Question

An infinitely long solenoid, with its axis along $\hat{k}$, carries a current $I$. In addition, there is a uniform line charge density $\lambda$ along the axis. If $\vec{S}$ is the energy flux, in cylindrical coordinates $(\hat{\rho}, \hat{\phi}, \hat{k})$, then
 

• A. $\vec{S}$ is along $\hat{\rho}$
• B. $\vec{S}$ is along $\hat{k}$
• C. $\vec{S}$ has non zero components along $\hat{\rho}$ and $\hat{k}$
• D. $\vec{S}$ is along $\hat{\rho}\times \hat{k}$

Hint:

If $\vec{E}$ is radial and $\vec{B}$ is axial, the Poynting vector must wrap azimuthally around the axis.

Answer 1

The Correct Option is D

Step 1: Recall Poynting vector.
$\vec{S} = \dfrac{1}{\mu_0}\vec{E}\times \vec{B}.$

Step 2: Identify directions of $\vec{E$ and $\vec{B}$.}
• A line charge along the axis produces an electric field radially outward: $\vec{E}\propto \hat{\rho}$.
• A solenoid produces a magnetic field along the axis: $\vec{B}\propto \hat{k}$.

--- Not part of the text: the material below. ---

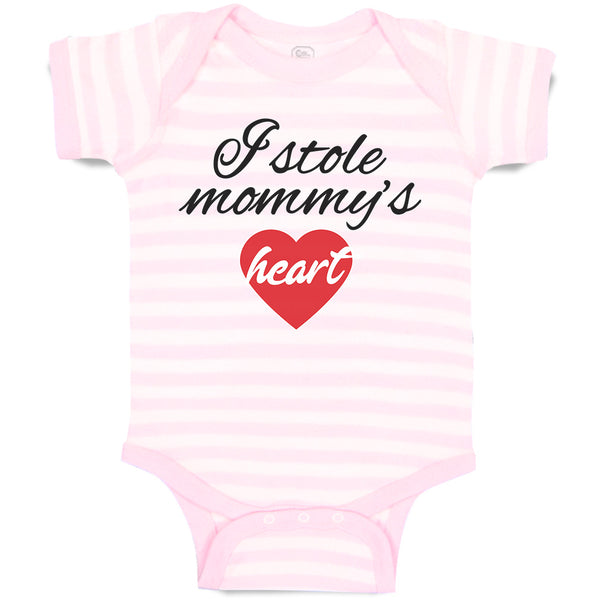 Baby Clothes I Stole Mommy's Heart Baby Bodysuits Boy & Girl Cotton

Step 3: Take the cross product.
$\vec{E}\times \vec{B} \propto \hat{\rho}\times \hat{k}$.
In cylindrical coordinates, this is the azimuthal direction $\hat{\phi}$.

Step 4: Conclusion.
Energy flows in the $\hat{\phi}$ (circulating) direction around the axis ⇒ option (D).